Moberly Lady Greyhounds fans this season will only notice one returning face from last year's team – and that's 6'1 reserve Chrishey Wilkes of St. Louis - that put together one of the most remarkable campaign's in the women's program's 41-year history. Under seven-year head coach Chad Killinger the team won 32 consecutive games en route to qualifying for the NJCAA Division I Women's National Championship Tournament held at Lubbock, Texas.

The Lady Greyhounds lost its first contest there and only game of the season, and later Killinger

announced his resignation to accept an assistant women's coaching position at NCAA Division I East Carolina University at Greensboro, N.C.

Joining Wilkes as part of Haden's inaugural season at MACC are sophomore transfers Alexis Singleton, a 5'4 guard form El Paso, Texas, 5-9 guard Rickeisha Sheard of Chicago, and 5'9 guard Kezia Holmes of Warner Robins, Ga.
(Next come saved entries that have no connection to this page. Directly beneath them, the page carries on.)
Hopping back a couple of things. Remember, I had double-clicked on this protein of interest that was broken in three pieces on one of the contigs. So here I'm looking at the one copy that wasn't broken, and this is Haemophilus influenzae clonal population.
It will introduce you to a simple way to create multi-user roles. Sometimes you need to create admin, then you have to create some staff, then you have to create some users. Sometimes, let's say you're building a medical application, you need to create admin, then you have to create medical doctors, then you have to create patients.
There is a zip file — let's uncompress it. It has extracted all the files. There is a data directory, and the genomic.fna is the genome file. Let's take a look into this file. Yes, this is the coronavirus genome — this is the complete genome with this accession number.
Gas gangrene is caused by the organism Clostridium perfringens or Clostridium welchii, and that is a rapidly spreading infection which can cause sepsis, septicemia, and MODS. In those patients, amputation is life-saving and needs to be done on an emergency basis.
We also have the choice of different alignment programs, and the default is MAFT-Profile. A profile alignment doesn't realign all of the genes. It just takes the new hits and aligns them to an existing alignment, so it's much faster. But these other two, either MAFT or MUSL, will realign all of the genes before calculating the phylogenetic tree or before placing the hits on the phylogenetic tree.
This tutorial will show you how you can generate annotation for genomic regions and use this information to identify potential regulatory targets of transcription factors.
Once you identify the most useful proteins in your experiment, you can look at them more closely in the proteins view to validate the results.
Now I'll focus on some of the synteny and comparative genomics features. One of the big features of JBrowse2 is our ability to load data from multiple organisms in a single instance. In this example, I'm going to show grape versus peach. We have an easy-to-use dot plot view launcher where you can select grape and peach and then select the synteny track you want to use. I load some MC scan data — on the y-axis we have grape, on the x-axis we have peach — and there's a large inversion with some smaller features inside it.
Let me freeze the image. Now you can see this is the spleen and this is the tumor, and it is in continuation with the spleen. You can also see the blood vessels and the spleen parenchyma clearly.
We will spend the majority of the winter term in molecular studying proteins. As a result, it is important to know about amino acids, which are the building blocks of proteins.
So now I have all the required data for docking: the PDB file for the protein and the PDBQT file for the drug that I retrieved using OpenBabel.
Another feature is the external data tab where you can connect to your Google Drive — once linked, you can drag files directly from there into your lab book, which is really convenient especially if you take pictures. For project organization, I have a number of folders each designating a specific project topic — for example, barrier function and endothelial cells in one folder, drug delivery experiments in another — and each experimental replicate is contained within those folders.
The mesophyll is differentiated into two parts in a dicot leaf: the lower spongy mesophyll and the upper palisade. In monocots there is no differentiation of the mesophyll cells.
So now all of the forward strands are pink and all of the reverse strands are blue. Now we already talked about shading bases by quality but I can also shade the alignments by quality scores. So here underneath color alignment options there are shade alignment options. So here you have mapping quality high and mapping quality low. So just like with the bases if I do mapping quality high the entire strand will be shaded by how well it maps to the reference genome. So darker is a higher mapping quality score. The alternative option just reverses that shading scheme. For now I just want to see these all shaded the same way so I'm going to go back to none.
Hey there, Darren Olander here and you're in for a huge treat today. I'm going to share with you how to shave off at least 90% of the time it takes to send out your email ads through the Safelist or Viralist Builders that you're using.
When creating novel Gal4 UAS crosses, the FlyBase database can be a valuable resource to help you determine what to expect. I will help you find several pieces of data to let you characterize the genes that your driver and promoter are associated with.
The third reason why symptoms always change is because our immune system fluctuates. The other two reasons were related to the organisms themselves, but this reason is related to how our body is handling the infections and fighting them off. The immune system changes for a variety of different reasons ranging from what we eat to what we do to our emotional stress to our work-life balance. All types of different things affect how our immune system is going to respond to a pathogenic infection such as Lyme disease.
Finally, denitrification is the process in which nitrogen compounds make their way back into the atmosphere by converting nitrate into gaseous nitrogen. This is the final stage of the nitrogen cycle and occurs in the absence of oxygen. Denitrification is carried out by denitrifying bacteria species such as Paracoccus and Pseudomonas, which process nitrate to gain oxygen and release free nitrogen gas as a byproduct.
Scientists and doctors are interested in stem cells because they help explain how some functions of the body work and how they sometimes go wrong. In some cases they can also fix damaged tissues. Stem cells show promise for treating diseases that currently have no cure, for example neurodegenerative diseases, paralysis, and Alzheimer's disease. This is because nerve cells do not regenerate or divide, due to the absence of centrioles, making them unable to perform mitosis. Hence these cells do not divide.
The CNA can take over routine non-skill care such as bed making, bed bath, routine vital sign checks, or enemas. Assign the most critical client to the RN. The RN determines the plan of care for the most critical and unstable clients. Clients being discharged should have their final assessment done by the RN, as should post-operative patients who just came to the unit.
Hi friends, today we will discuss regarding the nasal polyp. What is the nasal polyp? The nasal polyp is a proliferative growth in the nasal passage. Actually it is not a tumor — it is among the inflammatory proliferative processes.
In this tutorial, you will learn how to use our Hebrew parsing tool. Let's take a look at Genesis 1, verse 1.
Freshmen are 5'11 guard Darryn Zeigler of Shaker Heights, Ohio, 5'7 guard Kaysie Newson of East St. Louis, Ill., 5'9 guard Zahra Daniel of Miami, Fla., 5'6 guard Rachel Spencer of Chicago, 5'11 guard Mauricea Mathis of St. Louis, 5'4 guard Vallen Rush of St. Louis, 5'9 guard Chatori Tyler of Summit, Ill., 5'7 guard Shania Liburd of St. Thomas, Virgin Islands, , 5'9 guard Taylor-Lawson Hicks of St. Louis, 6'0 forward Danyelle Millett of St. Louis, and 5'9 forward Aquila Anderson of Chicago.

Katelyn Clark, a 6'2 forward from Cahokia, Ill., is a redshirt freshman.

“My staff and I are pleasantly surprised at the player depth that we may have. People are still emerging into roles and they keep surprising us,” Haden said on Monday. “It's too early into our preseason to learn who our top players or starters will likely be. But there are a couple of our girls who we feel have done a good job setting the tone and establishing spots while the rest remains pretty wide open. I think Rickeisha has made a strong showing to be our No. 3 and Mauricea at the No. 4 position. At the guard positions, Alexis, Kaysie and Rachel will all likely see significant playing minutes at one of those positions.”

As a tune-up for the regular season campaign, the Lady Greyhounds have four preseason jamboree dates planned. Jamborees are open to the public, and teams will play multiple scrimmages having two 18-minute halves with a running clock against different colleges.

It begins this Saturday when they travel to Peoria, Ill. and participate in a session held at Illinois Central Community College. Moberly will compete with the host college, Lakeland CC, Ill. and Vincennes University, Ind. that day.

Other jamboree dates are Oct. 13 at Springfield, Mo., Oct. 20 at Lawrence, Kansas and Oct. 25 at University of Missouri-St. Louis.